Crypto currency charting the future of customer loyalty

Blockchain loyalty company Incent is taking up the challenge of bringing payments and rewards into the mobile era.

Over the past 20 years technology has transformed the retail sector. In the 1990s ‘shopping’ typically meant visiting a physical store and paying in cash. Forward-thinking consumers may have dabbled with mail order, frequently with lengthy delays and the added inconvenience of having to return substandard or unsuitable goods.

Consumers are increasingly shopping online, with e-commerce revenues growing at double-digit annual rates and user penetration expected to approach 75% of Australians by 2020. As fashion is leading the e-commerce sector, physical stores are yet to go out of fashion.

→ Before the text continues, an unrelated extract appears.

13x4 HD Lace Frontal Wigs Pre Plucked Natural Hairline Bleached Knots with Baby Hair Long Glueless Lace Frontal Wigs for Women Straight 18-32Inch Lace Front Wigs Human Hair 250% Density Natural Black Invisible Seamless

Customers are more inclined to pay by electronic means compared to coins and notes. With a mere 37% of payments made in cash, down from 69% in 2007, due to the influx of the convenient tap-and-go payments, customers are used to a fast, smooth and efficient process, both online and off.

There is one notable element of the retail experience that hasn’t moved with the times: ‘loyalty’.

Although a handful of major retailers have started to bring in dedicated apps – Starbucks being a notable pioneer – the majority are likely to use card-based strategies.

Smaller outlets probably haven’t got even that far, relying instead on paper tickets and ink stamps to record balances of points – an approach that is not appreciably different from that of Britain’s Green Shield Stamps of the 1960s, one of the first true loyalty programmes.

Australians are big fans of loyalty, with the most successful programme, Coles’ flybuys, topping 10 million cardholder. Qantas’ Loyalty program has a very large and growing membership too, with this aspect of the airline’s business bringing in over $400 million in revenue each year.

The reality is that too few of today’s rewards programs live up to the promise, with credit card loyalty programmes and airline schemes both coming under increased criticism for being more about corporate self-interest rather than delivering real value to members. When margins are squeezed, consumers suddenly find the value of their points plummeting.

Sydney-based tech start-up Incent has developed a world-first crypto-currency and blockchain-based approach to loyalty which removes precisely this problem: the unilateral devaluation of customers’ points by companies who see an easy way to cut costs.

Instead of issuing non-transferable IOU-style points, Incent gives merchants and consumers access to cryptocurrency points that have real value, independent of the issuer established on an active secondary market.

A recent survey of British consumers found less than half redeem the points they collect.

“When it comes to improving loyalty schemes, 26 per cent said that being able to view their points and rewards through an app would improve the experience, which jumped to 41 per cent for 18 to 34-year-olds,” the report’s authors noted.

Incent’s coalition loyalty approach offers both customers and merchants the benefits of cross-selling and running promotions across a large network of users, while a mobile app offers partners an easy way to engage with their target audiences – especially the lucrative Millennial demographic.

“Ultimately, we’re about providing true value for both businesses and consumers,” said CEO and Co-founder Rob Wilson.

“Combine that with a great user experience and mobile strategy, and we think you’ve got a winning combination”said CEO and Co-founder Rob Wilson.